In ihrer Mitteilung schlagen die Sozialdemokraten aus den Waldgemeinden vor, kurzfristig Verstärkungsfahrten als „RE7+“ einzurichten. Konkret schwebt dem SPD-Ortsverein vor, schnellstens Montag bis Freitag nachmittags zusätzliche Fahrten zwischen Bad Belzig und Michendorf mit Anschluss zu den ODEG-Zügen der Linie RB 33 von und nach Berlin-Wannsee einzurichten.

Kurzfristige Umsetzung denkbar

„Die Fahrzeit von 25 Minuten zwischen Bad Belzig und Michendorf erlaube eine kurzfristige Umsetzung mit einem Pendelzug“, teilt Frank Seibicke, Mitglied im Vorstand des SPD-Ortsvereins, mit. Nach dessen Vorschlag könnten die Züge in der Hauptverkehrsrichtung jeweils an jedem Bahnhof halten. In Richtung Michendorf sollten Halte wie zum Beispiel in Seddin oder Baitz indes ausfallen, um ausreichend Fahrzeitreserve zum Ausgleich von Verspätungen vorzusehen, heißt es im Vorschlag der SPD.

Der Streckenabschnitt zwischen Michendorf und Bad Belzig sei durch andere Züge wenig ausgelastet. „Die vorgeschlagenen Fahrten können ohne Kapazitätsprobleme umgesetzt werden“, so Seibicke. Im Bahnhof Michendorf sollte ein Umsteigen von und zu den Zügen der ODEG auf dem gleichen Bahnsteig realisiert werden.

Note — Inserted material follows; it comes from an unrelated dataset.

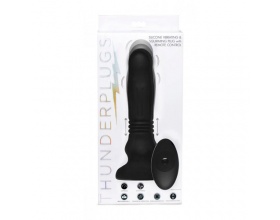 Thunderplug Thrusting & Vibrating Anal Vibrator, Πρωκτικός Δονητής μαζί με τηλεχειριστήριο και δυνατότητα 5 ρυθμίσεων δόνησης και 3 επιλογές διόγκωσεις, 1 τμχ Thunderplug Thrusting & Vibrating Anal Vibrator, Πρωκτικός Δονητής μαζί με τηλεχειριστήριο και δυνατότητα 5 ρυθμίσεων δόνησης και 3 επιλογές διόγκωσεις, 1 τμχ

Attraktivität würde steigen

Aus Sicht des SPD-Ortsvereins würden die Verstärkerzüge „zu einer deutlich erhöhten Attraktivität führen, da sie Fahrgästen höhere zeitliche Flexibiltät bieten und die regulären Züge des RE 7 entlasten“. Diese Verstärkung bilde eine konsequente Vorbereitung auf die mit der Überarbeitung des Nahverkehrsplanes bereits geplanten Verbesserungen, die aber erst ab Dezember 2022 greifen. Dann soll es nach den Plänen des Landes Brandenburg als Auftraggeber für den Nahverkehr auf der Strecke des RE 7 zwischen Bad Belzig und Berlin-Wannsee ganztags einen auf zwei Züge pro Stunde verdichteten Takt geben. Derzeit rollen die Züge stündlich.

Millionen stünden bereit

Auch zur Finanzierung der kurzfristigen Zusatzfahrten machen die Sozialdemokraten aus den Waldgemeinden einen Vorschlag. So könnte das nötige Geld fließen aus Rückzahlungen von Verkehrsunternehmen in Berlin und Brandenburg, die wegen mangelnder Leistungserbringung fällig werden.

Diese hätten sich zuletzt auf rund zwölf Millionen Euro pro Jahr belaufen. „Diese Summen sollten sofort in Bus und Bahn reinverstiert werden“, fordern Frank Seibicke und der SPD-Ortsverein Borkheide/Borkwalde.